◆ Data shown
- - -

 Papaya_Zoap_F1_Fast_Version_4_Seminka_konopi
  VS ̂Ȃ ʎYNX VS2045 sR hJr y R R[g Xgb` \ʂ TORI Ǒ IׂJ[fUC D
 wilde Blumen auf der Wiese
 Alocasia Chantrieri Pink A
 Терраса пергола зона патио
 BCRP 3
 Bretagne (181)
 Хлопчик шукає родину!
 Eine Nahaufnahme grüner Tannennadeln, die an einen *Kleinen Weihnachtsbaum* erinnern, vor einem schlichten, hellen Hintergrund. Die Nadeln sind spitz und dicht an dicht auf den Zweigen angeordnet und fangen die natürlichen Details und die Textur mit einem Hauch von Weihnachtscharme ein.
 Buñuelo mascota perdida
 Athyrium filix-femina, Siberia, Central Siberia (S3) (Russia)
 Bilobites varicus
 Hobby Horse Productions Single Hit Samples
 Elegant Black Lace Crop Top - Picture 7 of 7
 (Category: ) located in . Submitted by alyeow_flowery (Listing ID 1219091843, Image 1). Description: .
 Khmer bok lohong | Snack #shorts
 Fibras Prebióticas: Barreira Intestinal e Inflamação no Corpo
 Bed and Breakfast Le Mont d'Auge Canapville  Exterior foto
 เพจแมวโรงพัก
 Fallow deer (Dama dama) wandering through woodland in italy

- - -

◆ Exercise
Beginning with the line that contains "Athyrium filix-femina, Siberia, Central", output each line of the listing above through the last one, exactly and with nothing added.

◆ Result of the exercise
 Athyrium filix-femina, Siberia, Central Siberia (S3) (Russia)
 Bilobites varicus
 Hobby Horse Productions Single Hit Samples
 Elegant Black Lace Crop Top - Picture 7 of 7
 (Category: ) located in . Submitted by alyeow_flowery (Listing ID 1219091843, Image 1). Description: .
 Khmer bok lohong | Snack #shorts
 Fibras Prebióticas: Barreira Intestinal e Inflamação no Corpo
 Bed and Breakfast Le Mont d'Auge Canapville  Exterior foto
 เพจแมวโรงพัก
 Fallow deer (Dama dama) wandering through woodland in italy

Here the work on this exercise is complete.